Aber auch danach dürften die Asylsuchenden nicht nach Deutschland einreisen und in Deutschland auch kein Asylverfahren erhalten, da nach der Dublin-III-Verordnung die EU-Staaten, die die Einreise in die EU zugelassen haben, für das Asylverfahren zuständig sind. Und das sind alles sichere Drittstaaten.
Das deutsche Recht gibt auch klare Anweisungen für Zurückweisungen von Asylsuchenden an der Grenze. Nach Paragraph 18 des Asylgesetzes sind Asylbewerber aus sicheren Drittstaaten an der Grenze zurückzuweisen. Da das europäische Außengrenzsystem offenkundig zusammengebrochen ist, weil einige EU-Staaten mit Außengrenzen keinen Grenzschutz betreiben, sondern die Migranten durchwinken, ist die Zurückweisung nach dieser Vorschrift notwendig.
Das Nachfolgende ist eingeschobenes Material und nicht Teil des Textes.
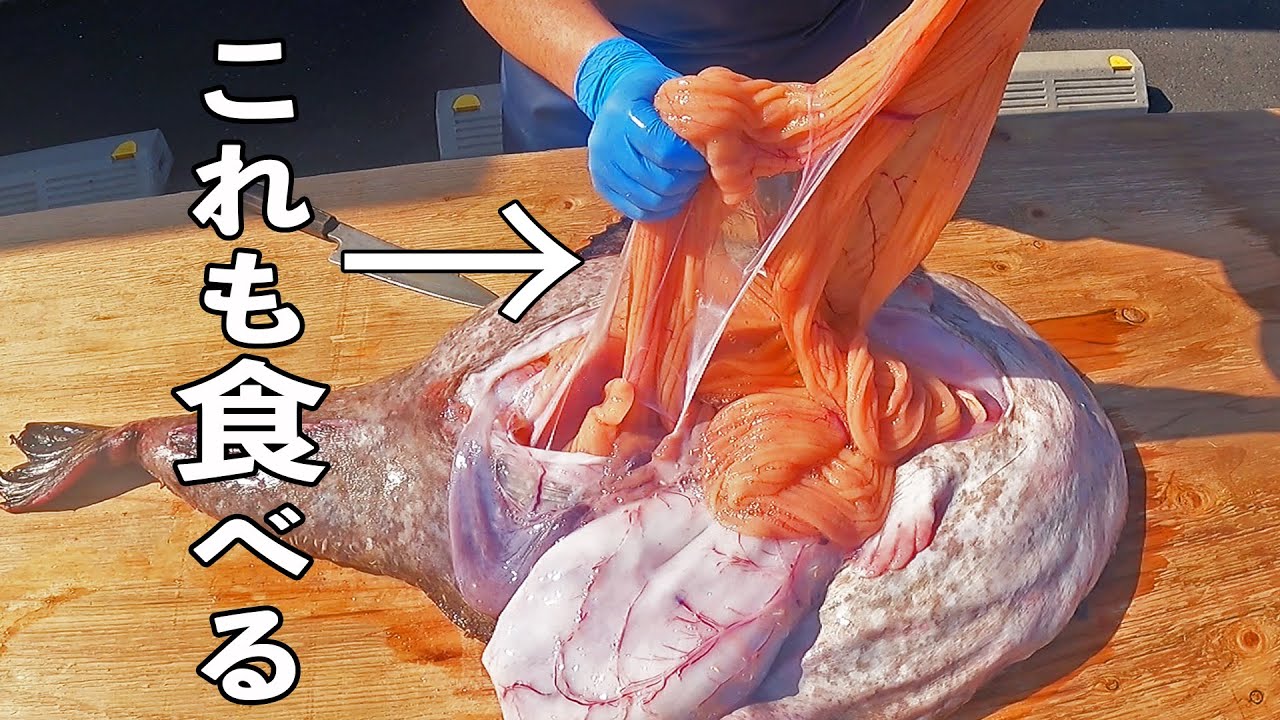 衝撃 巨大アンコウからありえない長さの卵巣が それも美味しく頂きます Youtube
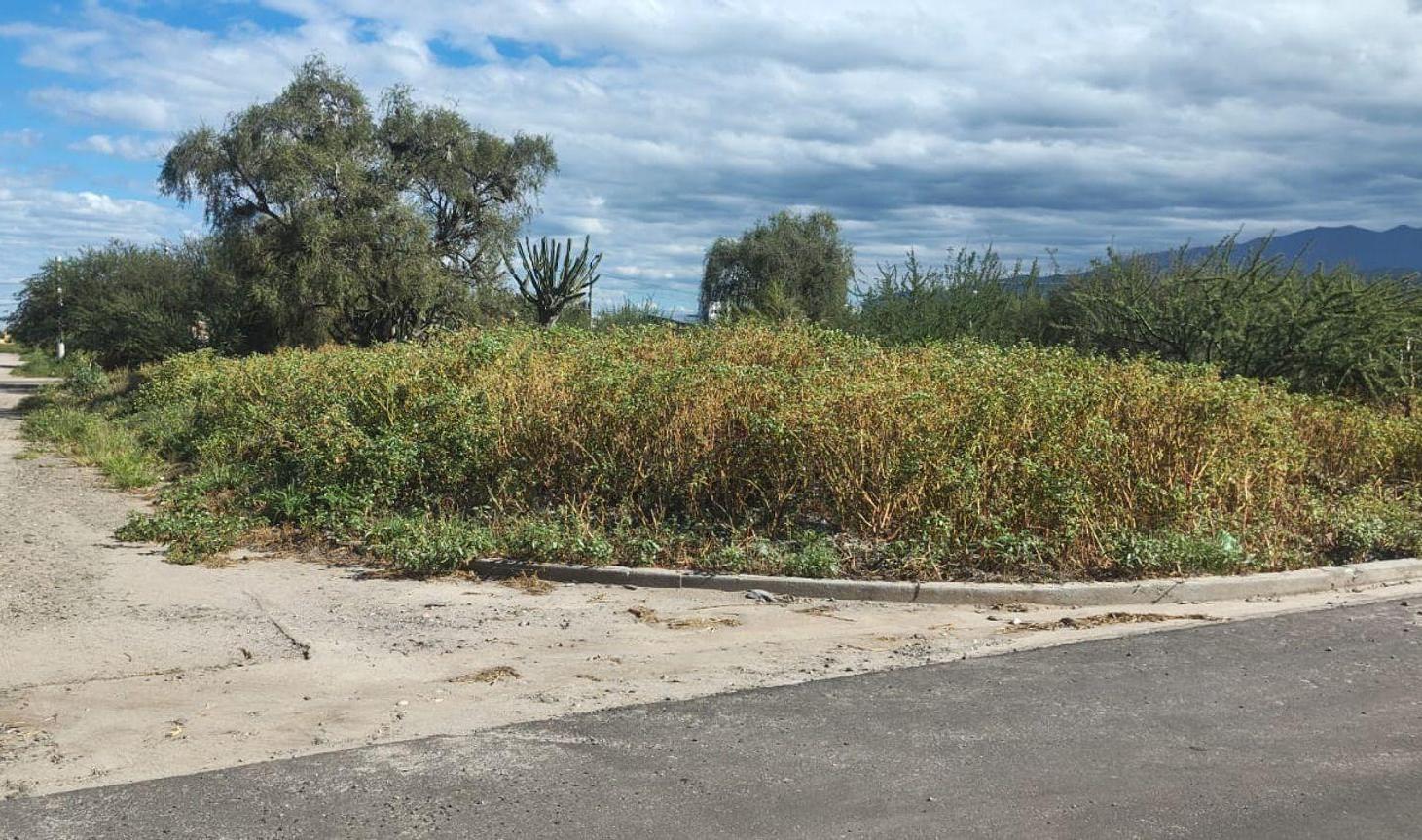 Foto de SE VENDE LOTE 250M2 ZONA NORTE CAPITAL CATAMARCA, imagen 4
Wir wissen, daß Zurückweisungen von Asylsuchenden an unseren Grenzen grundsätzlich nicht stattfinden, weil die Politik dies nicht will. Es war Angela Merkel, die der Bundespolizei untersagte, die Migrantenströme an der Grenze zurückzuweisen. Horst Seehofer sprach als bayerischer Ministerpräsident von einer „Herrschaft des Unrechts“, und er versuchte 2018, als er Innenminister wurde, diese Herrschaft des Unrechts zu beenden, indem er mit seinem Masterplan zur Migration die Zurückweisung an der Grenze durchsetzen wollte. Merkel lehnte ab und Seehofer kapitulierte, weil er es letztlich nicht zu einem Fraktionsbruch kommen lassen wollte.
Die derzeitige ökosozialistische Bundesregierung setzt Merkels Kurs der offenen Grenzen fort und denkt nicht einmal daran, die ankommenden Personen an der Grenze zurückzuweisen. Seehofers damalige Forderung nach Wiedereinführung von Grenzzurückweisungen und nach einer Beendigung der Herrschaft des Unrechts wird von der Union heute nicht wiederholt. Wenn es Kritik aus der CDU/CSU an der Migrationspolitik gibt, dann in erster Linie daran, daß die Kommunen allein gelassen würden und der Bund zu wenig Geld und Ressourcen bereitstelle. Als ob das das zentrale Problem sei.
Daß diese Menschen zu Millionen ins Land gelassen werden, obwohl sie hier nach dem Grundgesetz nichts zu suchen haben, weil sie in Deutschland kein Asylrecht erhalten dürfen, wird dagegen nicht kritisiert. Und es wird noch nicht einmal die Frage gestellt, warum die Bundesregierung und die Regierung Merkel diese Millionen Menschen ohne Grund hat ins Land einreisen lassen. Die Antwort kann man sich leicht geben: es geht nicht um Flüchtlingsschutz, sondern um das linke anti-deutsche ideologische Projekt einer Gesellschaftsveränderung durch Migration.
Die Aussage von Kretschmer, es müsse das Grundgesetz verändert werden, um die Zahl der Asylsuchenden zu reduzieren, ist Augenwischerei. Es liegt nicht am Grundgesetz, daß diese Menschen zu uns kommen, sondern an einer Politik, die das Grundgesetz nicht anwendet. Nicht das Grundgesetz muß geändert werden, sondern die Politik.